__Exercise instructions__
Would you please repeat exactly the entries below, starting at the line with "Papel Sintético para" and ending at the line with "投屏碼是幾位數詳情介紹", and nothing outside that range? Leave out the pictures.

__Exercise materials__
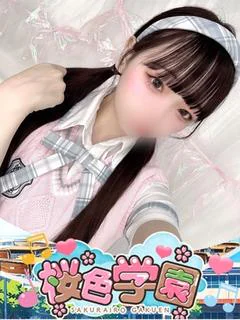 ねね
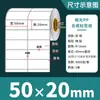 Papel Sintético para Etiquetas Blanco Mate Resistente al Desgarro Impermeable Pegatinas 100 90 80 70 60 50 40 30 en Blanco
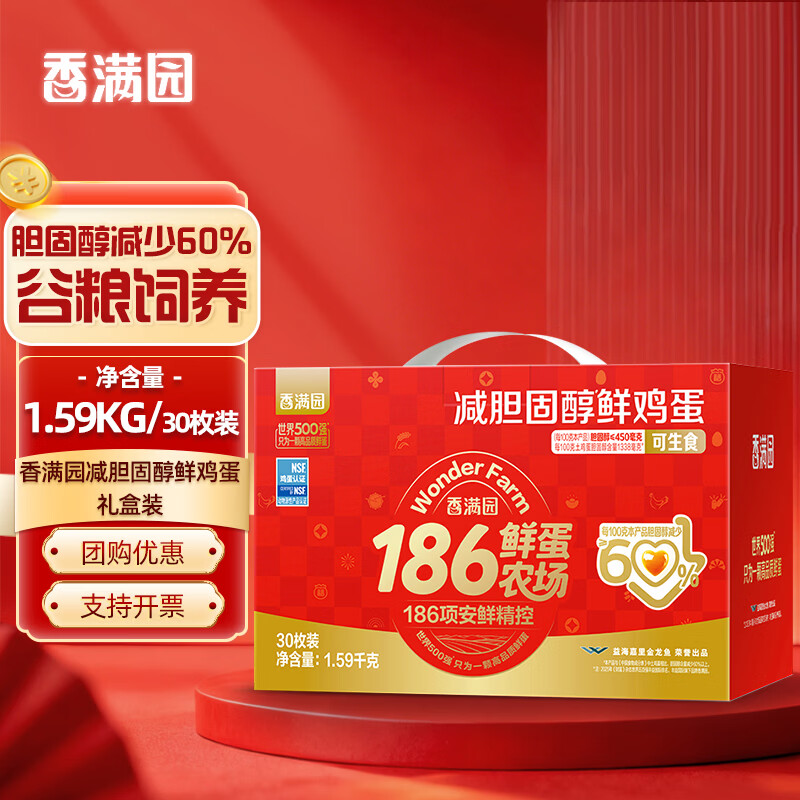 金龙鱼 特级味极鲜酱油 150m 厨房家用调味炒菜凉拌 味极鲜 香满园减醇鲜鸡蛋30枚 礼盒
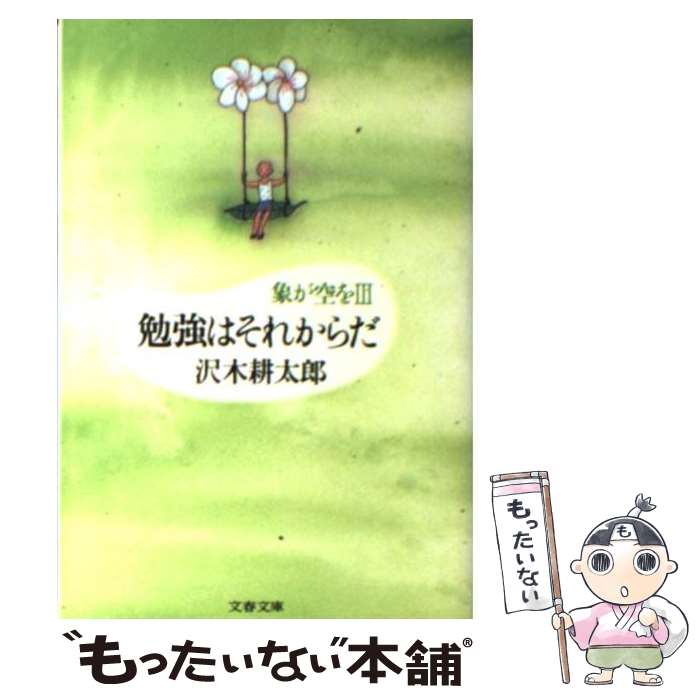 【中古】 勉強はそれからだ 象が空を3 / 沢木 耕太郎 / 文藝春秋 [文庫]【メール便送料無料】【あす楽対応】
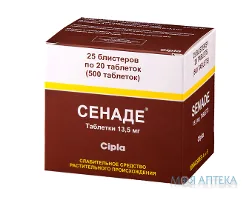 Сенаде таблетки по 13,5 мг №500 (20х25)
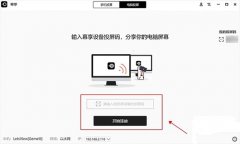 投屏碼是幾位數詳情介紹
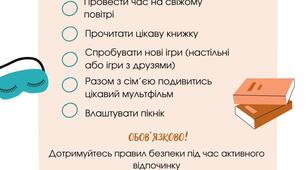 Чек-лист на весняні канікули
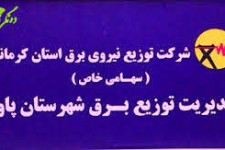 شرح واقعه اتصال دو فاز و قطعی برق در پاوه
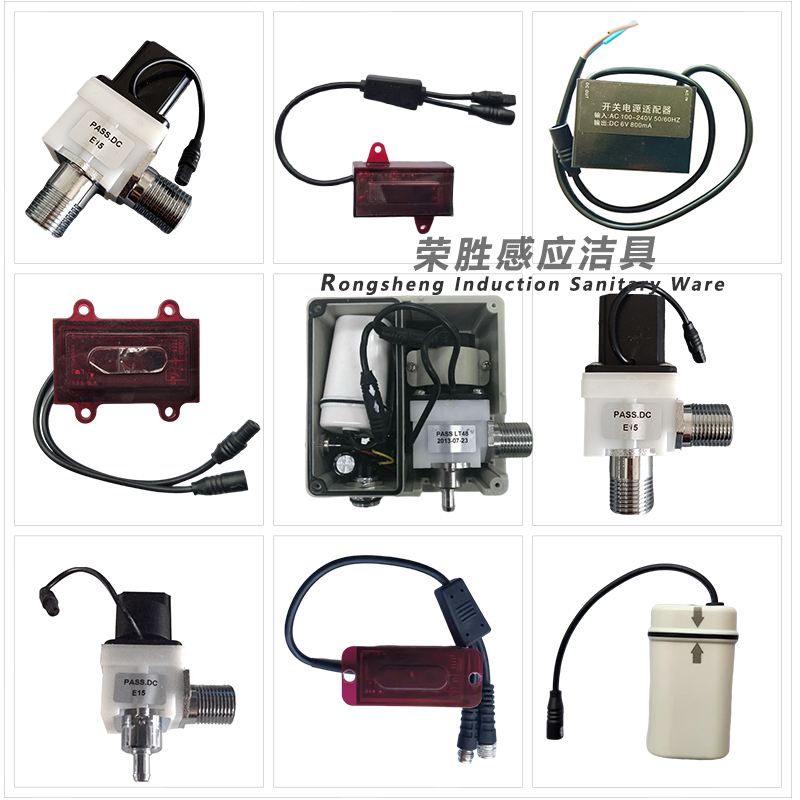 适配TCK恒洁小便感应器配件蹲便电磁阀龙头探头电眼6V面板总成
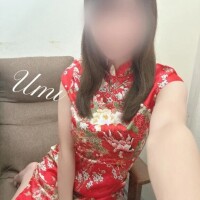 うみ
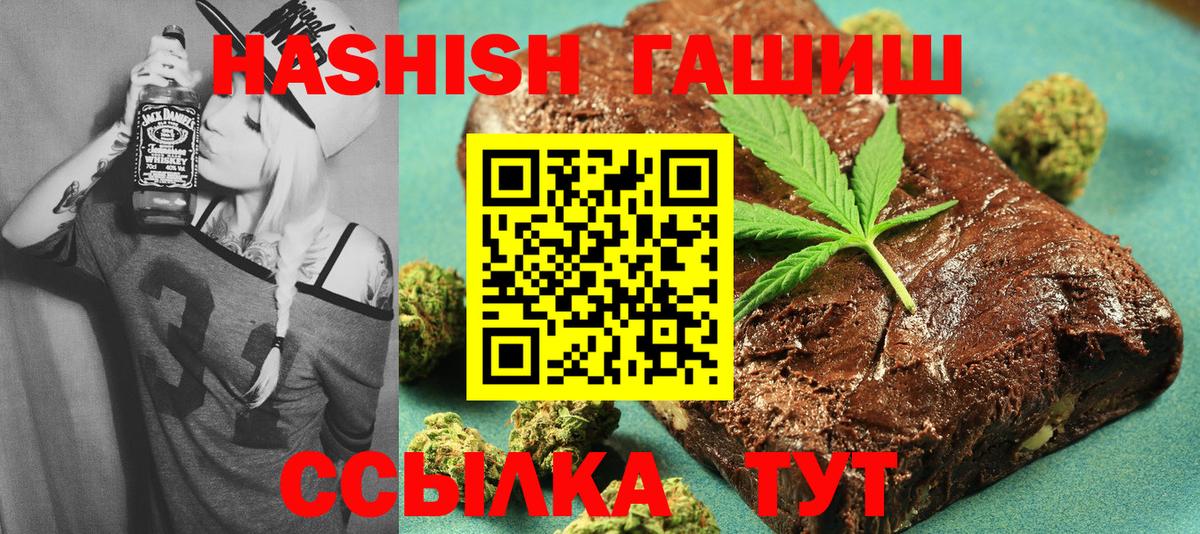 Гашиш hashish Богданович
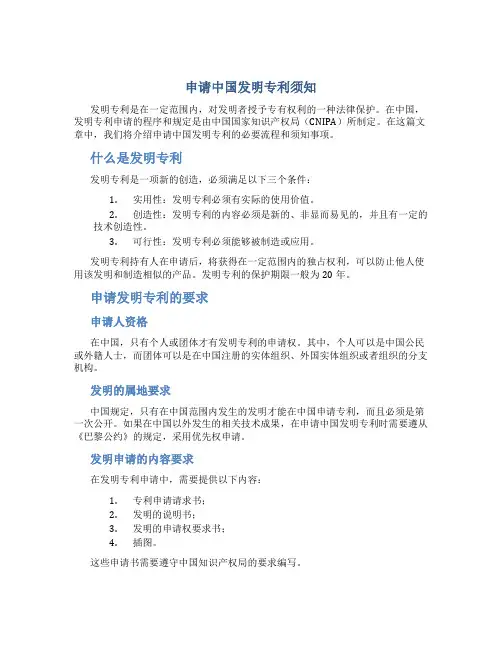 申请中国发明专利须知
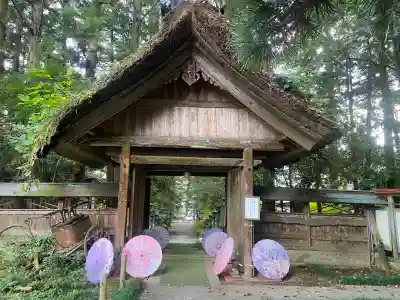 光丸山 法輪寺(栃木県)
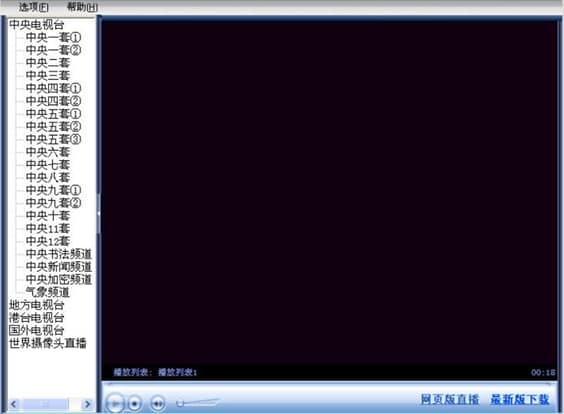 �͐۾W(w��ng)�j(lu��)�ҕ���ܽ�B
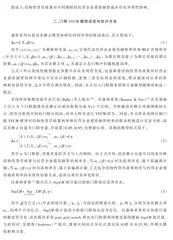 结构性货币政策对民营企业债券融资成本的影响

__Output for this task__
 Papel Sintético para Etiquetas Blanco Mate Resistente al Desgarro Impermeable Pegatinas 100 90 80 70 60 50 40 30 en Blanco
 金龙鱼 特级味极鲜酱油 150m 厨房家用调味炒菜凉拌 味极鲜 香满园减醇鲜鸡蛋30枚 礼盒
 【中古】 勉強はそれからだ 象が空を3 / 沢木 耕太郎 / 文藝春秋 [文庫]【メール便送料無料】【あす楽対応】
 Сенаде таблетки по 13,5 мг №500 (20х25)
 投屏碼是幾位數詳情介紹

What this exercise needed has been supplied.